Synopsis

 

SYNOPSIS

 “A Meets B”

– A one act play

 

It is midnight in an isolated part of the city, any city.  A certain Mr. A comes upon a certain Mr. B making a lengthy telephone call in a public phone booth.  As Mr. A is in a hurry to make his own phone call, he raps upon the glass to hurry Mr. B along.  Annoyed by this intrusion, Mr. B terminates his chat to let Mr. A call.   A is about to enter the booth when he notices an imaginary obese man, then a fantastical overweight woman sitting atop Mr. B‘s head.  Mr. B becomes irritated with this absurdity which only makes Mr. A goad Mr. B further.  Soon, a number of things happen: A begins to hear voices emanating from these imaginary people; he accuses B of talking to a personal shrink and makes fun of said shrink; he accuses B of hiding a large wife.  When B threatens to call the police, A says that this “big fat woman”, or B‘s wife, is now jumping on the telephone booth.  When A refers to one of his own hallucinations as “baby”, B demands to be drawn into A‘s game:  who is “baby”?  A doesn’t answer, explaining that these hallucinatory characters are really sitting in some living room and are about to have a conversation.  Suddenly, the telephone rings.  A and B both run to answer it; A gets there first but B shuts off the connection before A can hear a reply.  A wants to know who it was but B lies, saying it was a ‘wrong number’.

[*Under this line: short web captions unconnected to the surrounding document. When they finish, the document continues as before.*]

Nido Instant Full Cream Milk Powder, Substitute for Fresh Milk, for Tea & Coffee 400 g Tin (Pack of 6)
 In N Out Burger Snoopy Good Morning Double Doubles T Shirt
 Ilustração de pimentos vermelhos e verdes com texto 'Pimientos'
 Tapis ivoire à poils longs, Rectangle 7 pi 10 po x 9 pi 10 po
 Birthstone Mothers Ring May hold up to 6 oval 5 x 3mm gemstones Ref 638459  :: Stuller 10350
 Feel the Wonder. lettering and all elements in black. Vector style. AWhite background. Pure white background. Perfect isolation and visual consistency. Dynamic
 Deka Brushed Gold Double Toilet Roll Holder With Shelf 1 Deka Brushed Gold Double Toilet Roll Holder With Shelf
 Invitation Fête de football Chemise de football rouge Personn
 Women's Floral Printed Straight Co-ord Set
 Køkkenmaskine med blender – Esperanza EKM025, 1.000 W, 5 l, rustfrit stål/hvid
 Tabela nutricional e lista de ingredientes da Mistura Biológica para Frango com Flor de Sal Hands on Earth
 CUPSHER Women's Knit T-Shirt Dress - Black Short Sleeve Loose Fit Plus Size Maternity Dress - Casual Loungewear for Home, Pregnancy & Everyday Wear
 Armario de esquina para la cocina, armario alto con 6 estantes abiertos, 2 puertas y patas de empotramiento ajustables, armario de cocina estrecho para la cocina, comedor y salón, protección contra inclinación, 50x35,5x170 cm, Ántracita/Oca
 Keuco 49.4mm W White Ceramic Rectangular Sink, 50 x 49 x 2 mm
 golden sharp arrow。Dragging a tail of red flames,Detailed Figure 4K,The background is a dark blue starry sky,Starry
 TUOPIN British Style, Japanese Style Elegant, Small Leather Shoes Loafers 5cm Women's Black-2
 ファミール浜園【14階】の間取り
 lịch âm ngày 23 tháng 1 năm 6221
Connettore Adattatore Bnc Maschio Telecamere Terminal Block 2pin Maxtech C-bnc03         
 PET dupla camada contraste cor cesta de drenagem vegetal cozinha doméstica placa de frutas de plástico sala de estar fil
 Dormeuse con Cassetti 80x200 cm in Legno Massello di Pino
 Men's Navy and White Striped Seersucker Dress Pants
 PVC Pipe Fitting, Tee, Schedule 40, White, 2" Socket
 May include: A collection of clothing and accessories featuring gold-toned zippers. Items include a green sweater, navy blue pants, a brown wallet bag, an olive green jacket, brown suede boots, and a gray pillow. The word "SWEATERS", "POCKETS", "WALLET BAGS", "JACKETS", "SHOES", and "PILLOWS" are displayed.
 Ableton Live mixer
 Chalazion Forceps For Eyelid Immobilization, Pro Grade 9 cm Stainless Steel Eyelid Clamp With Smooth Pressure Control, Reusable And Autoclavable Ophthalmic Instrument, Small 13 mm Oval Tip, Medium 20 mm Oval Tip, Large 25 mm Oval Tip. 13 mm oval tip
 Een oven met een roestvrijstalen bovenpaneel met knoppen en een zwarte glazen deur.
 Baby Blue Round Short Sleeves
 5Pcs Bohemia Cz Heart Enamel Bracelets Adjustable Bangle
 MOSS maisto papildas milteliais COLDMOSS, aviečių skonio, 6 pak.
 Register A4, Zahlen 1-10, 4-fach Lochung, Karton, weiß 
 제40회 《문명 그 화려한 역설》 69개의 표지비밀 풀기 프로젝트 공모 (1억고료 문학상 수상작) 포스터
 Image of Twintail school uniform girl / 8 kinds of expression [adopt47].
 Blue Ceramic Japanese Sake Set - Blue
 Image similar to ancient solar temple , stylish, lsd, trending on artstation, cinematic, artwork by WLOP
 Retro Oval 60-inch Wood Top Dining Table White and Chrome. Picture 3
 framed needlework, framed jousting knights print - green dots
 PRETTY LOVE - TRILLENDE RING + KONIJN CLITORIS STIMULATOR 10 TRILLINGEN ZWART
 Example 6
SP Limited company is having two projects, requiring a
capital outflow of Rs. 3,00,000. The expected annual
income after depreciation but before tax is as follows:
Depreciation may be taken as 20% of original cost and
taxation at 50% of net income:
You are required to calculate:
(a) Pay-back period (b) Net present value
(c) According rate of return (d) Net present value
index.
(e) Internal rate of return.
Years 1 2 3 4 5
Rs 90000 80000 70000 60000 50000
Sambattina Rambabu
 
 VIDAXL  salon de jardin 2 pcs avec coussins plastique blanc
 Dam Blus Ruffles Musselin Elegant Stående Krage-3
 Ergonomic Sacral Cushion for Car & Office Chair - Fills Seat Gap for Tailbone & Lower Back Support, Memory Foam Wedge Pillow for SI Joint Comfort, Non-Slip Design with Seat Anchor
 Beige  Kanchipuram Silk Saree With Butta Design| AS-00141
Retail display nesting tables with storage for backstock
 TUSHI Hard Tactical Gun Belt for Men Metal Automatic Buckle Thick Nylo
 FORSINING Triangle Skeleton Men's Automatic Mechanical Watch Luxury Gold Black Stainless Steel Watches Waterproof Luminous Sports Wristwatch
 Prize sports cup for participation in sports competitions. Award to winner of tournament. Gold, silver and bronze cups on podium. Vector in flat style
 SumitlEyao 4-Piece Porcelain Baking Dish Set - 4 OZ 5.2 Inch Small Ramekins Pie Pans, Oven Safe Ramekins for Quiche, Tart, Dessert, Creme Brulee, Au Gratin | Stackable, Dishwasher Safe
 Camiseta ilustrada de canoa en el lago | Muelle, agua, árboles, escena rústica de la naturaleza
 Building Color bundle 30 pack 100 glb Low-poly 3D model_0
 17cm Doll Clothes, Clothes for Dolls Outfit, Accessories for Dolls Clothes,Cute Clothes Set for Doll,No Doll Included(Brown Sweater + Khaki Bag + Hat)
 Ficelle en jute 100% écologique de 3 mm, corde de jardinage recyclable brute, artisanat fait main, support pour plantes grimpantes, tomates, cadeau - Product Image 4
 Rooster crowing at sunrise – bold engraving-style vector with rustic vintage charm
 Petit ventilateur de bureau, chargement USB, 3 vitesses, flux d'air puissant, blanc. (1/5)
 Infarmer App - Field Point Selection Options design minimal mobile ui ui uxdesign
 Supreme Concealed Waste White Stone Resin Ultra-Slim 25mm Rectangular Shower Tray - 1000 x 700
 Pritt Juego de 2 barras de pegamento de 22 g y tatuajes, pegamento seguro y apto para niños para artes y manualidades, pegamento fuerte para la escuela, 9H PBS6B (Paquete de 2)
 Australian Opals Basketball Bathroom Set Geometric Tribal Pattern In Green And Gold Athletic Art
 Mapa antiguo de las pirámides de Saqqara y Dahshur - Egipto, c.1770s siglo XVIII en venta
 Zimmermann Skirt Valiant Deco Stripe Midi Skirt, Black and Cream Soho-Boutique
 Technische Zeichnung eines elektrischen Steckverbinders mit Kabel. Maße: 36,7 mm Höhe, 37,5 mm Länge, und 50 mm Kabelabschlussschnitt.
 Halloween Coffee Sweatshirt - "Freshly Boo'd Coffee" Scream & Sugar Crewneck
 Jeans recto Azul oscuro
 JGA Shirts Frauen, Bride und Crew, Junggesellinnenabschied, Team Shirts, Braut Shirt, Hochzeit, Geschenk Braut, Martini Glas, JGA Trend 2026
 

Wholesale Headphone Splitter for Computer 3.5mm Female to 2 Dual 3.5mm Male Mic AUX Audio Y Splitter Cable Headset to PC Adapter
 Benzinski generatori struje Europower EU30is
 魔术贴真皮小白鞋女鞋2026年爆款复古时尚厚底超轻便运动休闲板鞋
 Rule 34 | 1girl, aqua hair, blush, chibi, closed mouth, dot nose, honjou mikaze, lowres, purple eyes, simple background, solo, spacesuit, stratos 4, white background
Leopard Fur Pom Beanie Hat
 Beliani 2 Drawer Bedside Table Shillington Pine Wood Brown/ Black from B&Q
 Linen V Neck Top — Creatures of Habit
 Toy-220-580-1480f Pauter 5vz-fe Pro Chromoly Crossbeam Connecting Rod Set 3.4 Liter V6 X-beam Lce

Abruptly, A changes the game and walks away from B.  This tactic seems to intrigue B who now becomes the questioner.  He has A depict an imaginary scene atop the phone booth in which the little fat man is upset and crying in front of the big fat woman who is handing him tissue paper to absorb his tears.  This triggers an emotional reaction from B who accuses A of being a spy for the ‘big fat woman’.  Now, A takes over the questioning again: he wants to know all about the big fat woman-whether she is B‘s wife and whether she tells B what to do.  B tries to go on the counter-offensive but A is relentless.  When A sweet talks B by offering him some chocolate and suggesting they sit down on the floor and talk it out, B begins to get some things off his chest: yes, he admits he has a wife, “of sorts”; yes, she is boring, a ‘functionary’; yes, she is controlling.  B begins to tell more:  his wife is lazy, needy, and horrible and B wants more from life than he can get from her.  B wants good food, red wine, porno flicks, etc., exactly what his “so-called wife” doesn’t give him.  B continues to expose his feelings, all the while going off against his own wife-how she orders him around; how she humiliates him in front of others; how she always has the last word; how he feels this terrible constriction in his abdomen and how — At this point, B can no longer contain himself and lets fly a loud, stinking raspberry.  A seizes upon B‘s lack of control to put him down even more: A says B is full of baloney and all his thinking is done by the little man and woman on his head.  B can’t bear to hear this truth and attacks A physically when the telephone rings.  A pulls away from B to answer the phone.  To our surprise it is ….. and this is the last line of the play.